## What you will do
The part below that opens with the line containing "Thyroid Nodules [upl. by Crisey542]" and closes with the line containing "TAC式 ツヤ肌コラーゲンリフト®/バッカルファット除去/二重埋没法の症例写真 施術前後" should be copied exactly, minus any pictures.
==== Recorded data ====
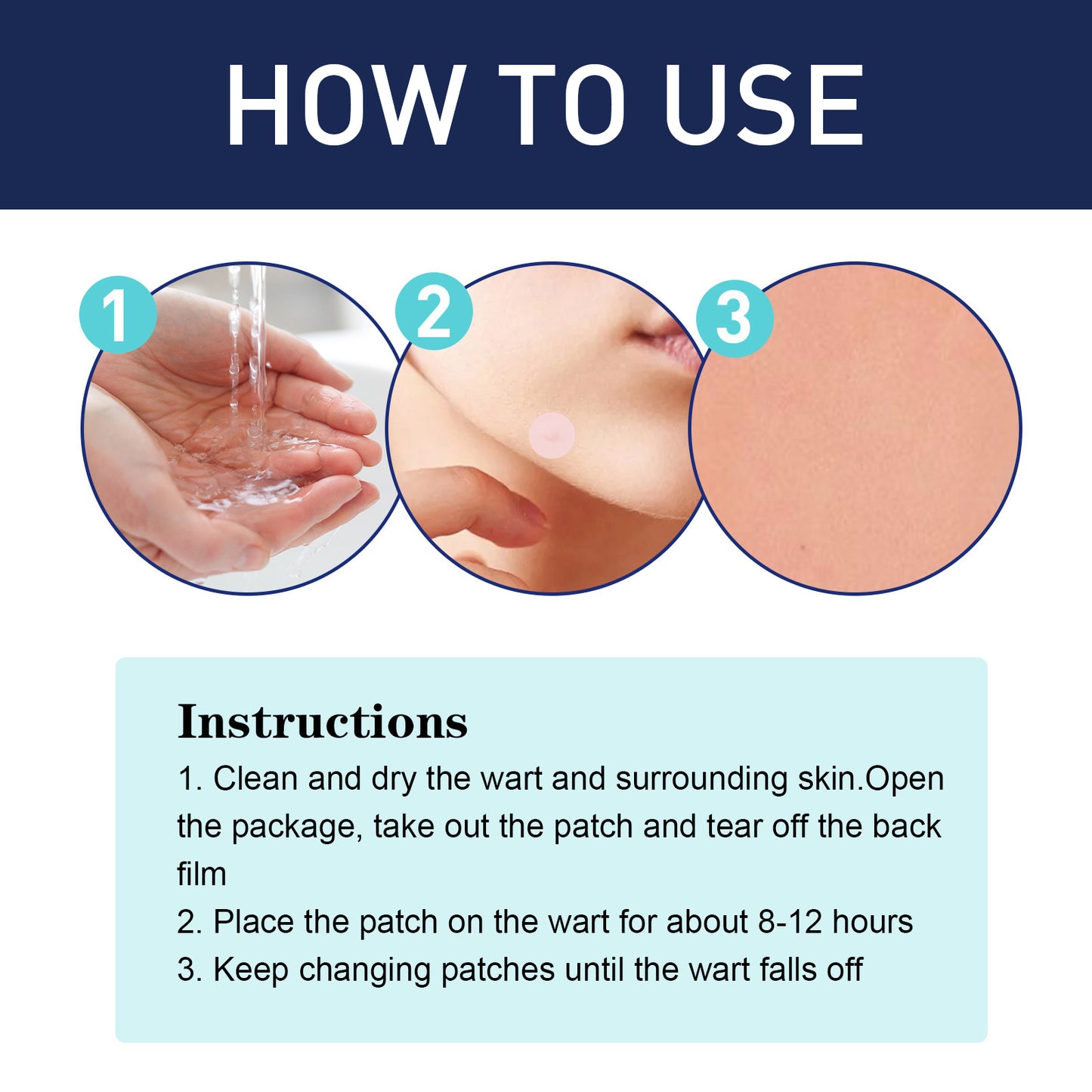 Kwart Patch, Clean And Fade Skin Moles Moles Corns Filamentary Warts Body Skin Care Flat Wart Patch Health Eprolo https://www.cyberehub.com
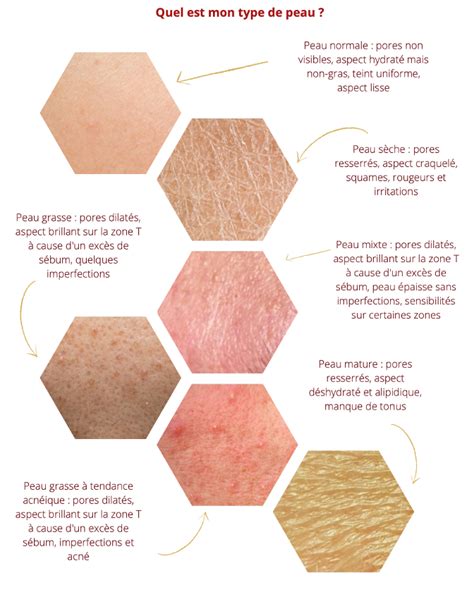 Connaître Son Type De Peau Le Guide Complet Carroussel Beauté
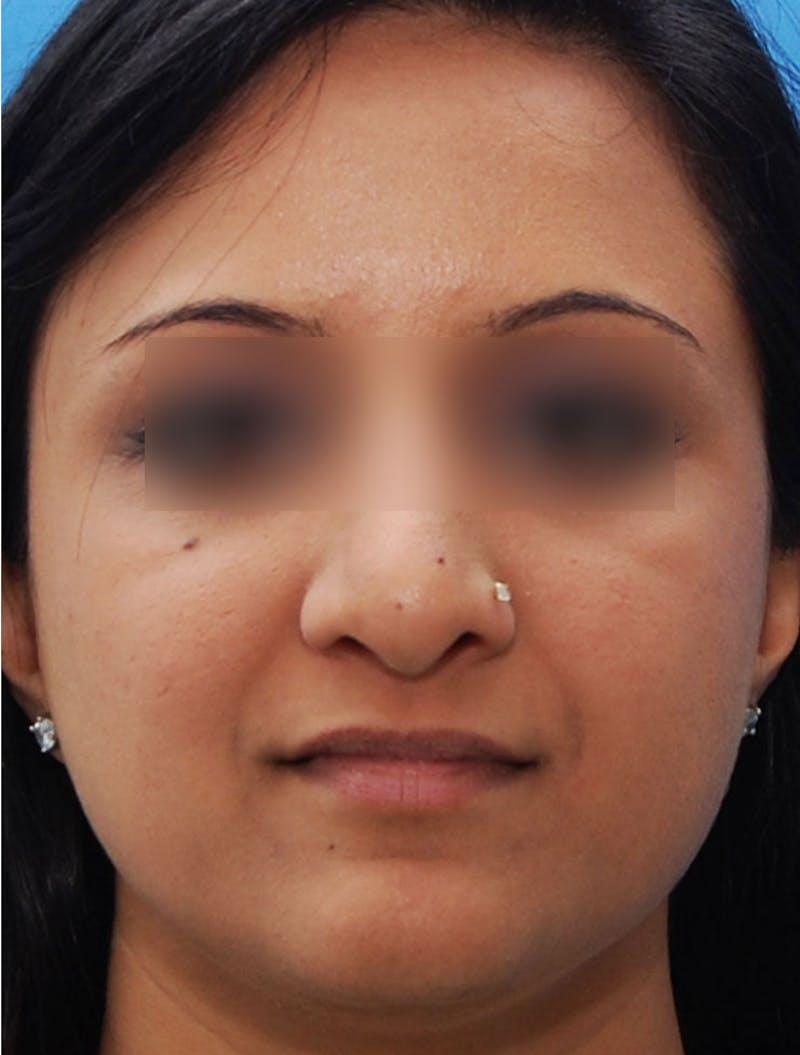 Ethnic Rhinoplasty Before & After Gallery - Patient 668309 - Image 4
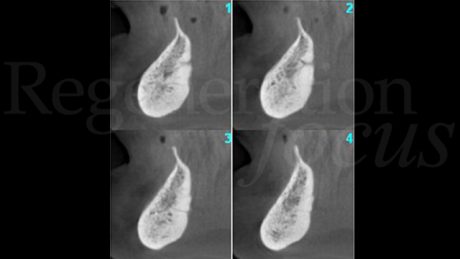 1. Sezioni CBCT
====
==== Recorded data ====
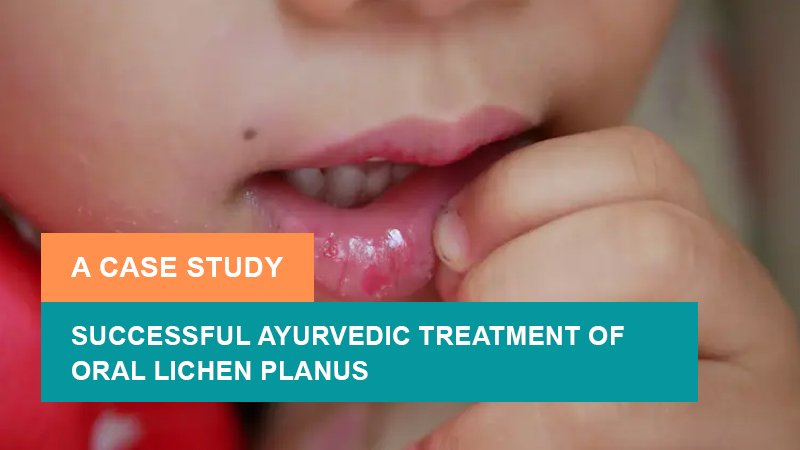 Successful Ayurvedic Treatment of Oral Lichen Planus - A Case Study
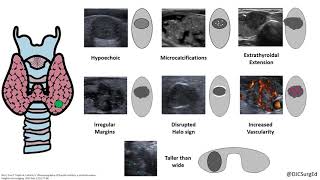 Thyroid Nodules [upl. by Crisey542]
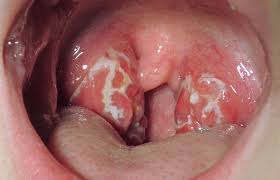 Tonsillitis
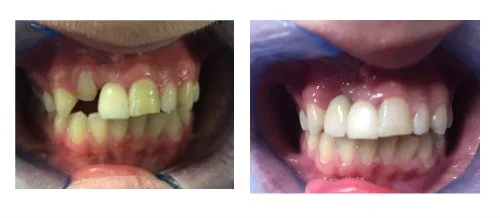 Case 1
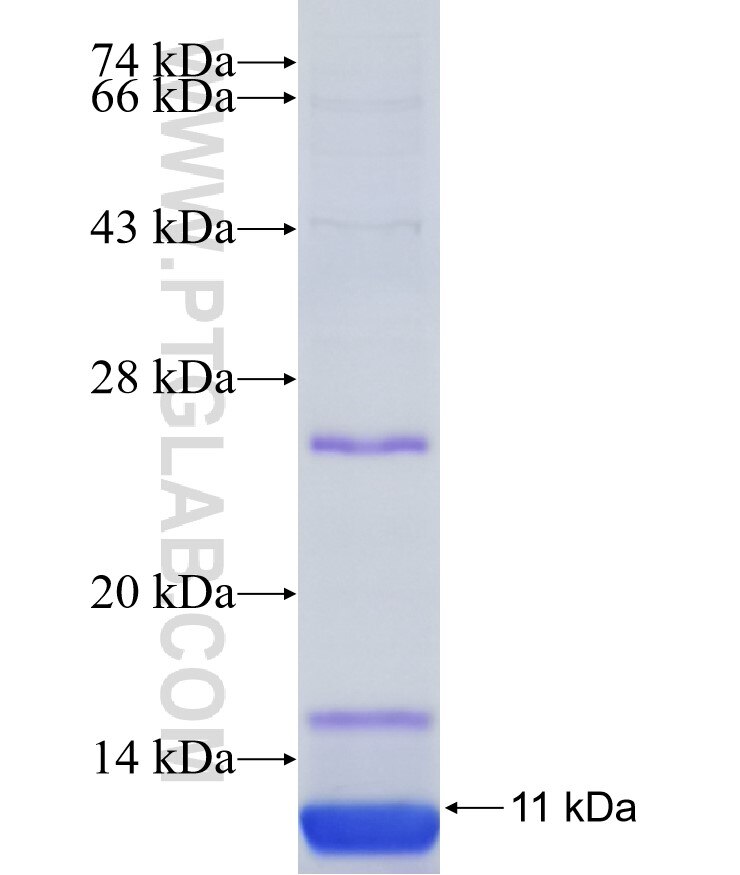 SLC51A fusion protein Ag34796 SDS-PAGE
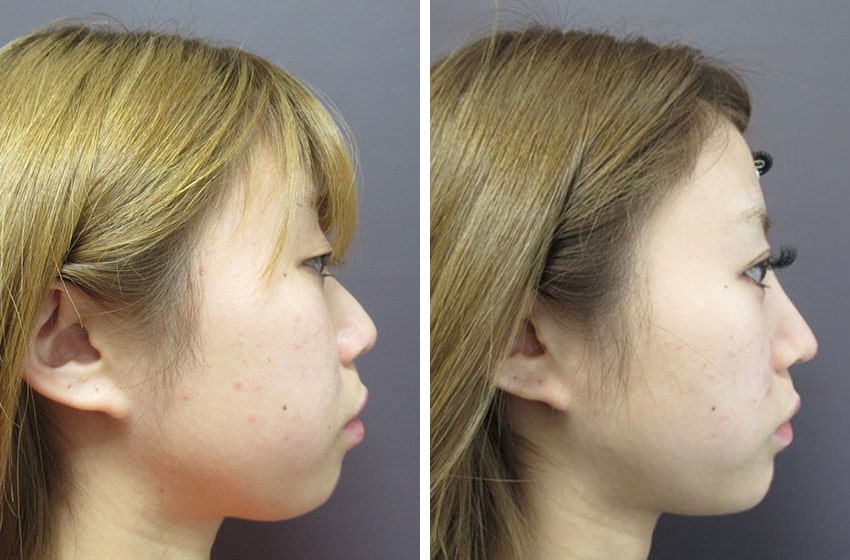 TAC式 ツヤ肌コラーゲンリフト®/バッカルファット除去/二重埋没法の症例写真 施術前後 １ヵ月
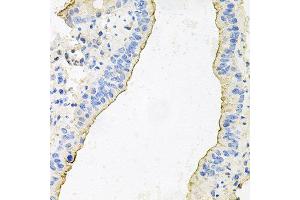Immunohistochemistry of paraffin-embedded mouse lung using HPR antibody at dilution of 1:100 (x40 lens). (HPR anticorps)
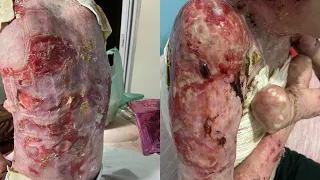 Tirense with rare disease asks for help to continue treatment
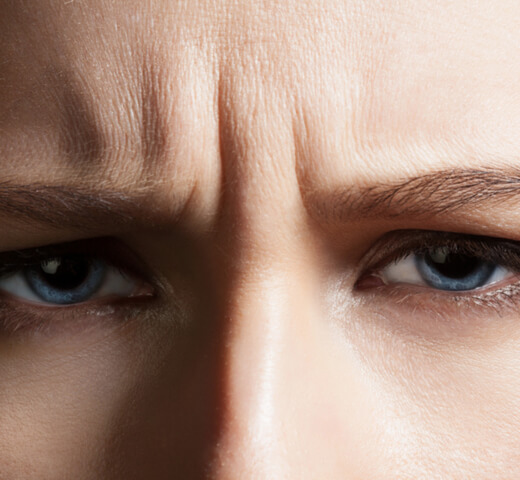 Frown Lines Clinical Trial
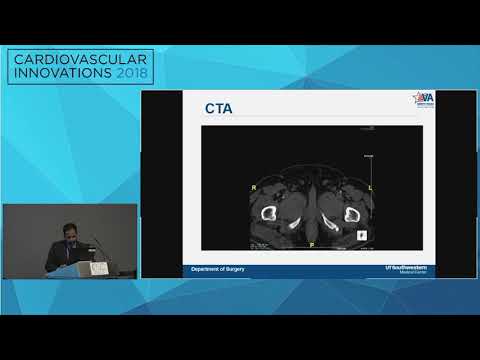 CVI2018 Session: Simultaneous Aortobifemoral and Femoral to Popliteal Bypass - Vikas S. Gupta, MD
====
## Answer to this task
 Thyroid Nodules [upl. by Crisey542]
 Tonsillitis
 Case 1
 SLC51A fusion protein Ag34796 SDS-PAGE
 TAC式 ツヤ肌コラーゲンリフト®/バッカルファット除去/二重埋没法の症例写真 施術前後 １ヵ月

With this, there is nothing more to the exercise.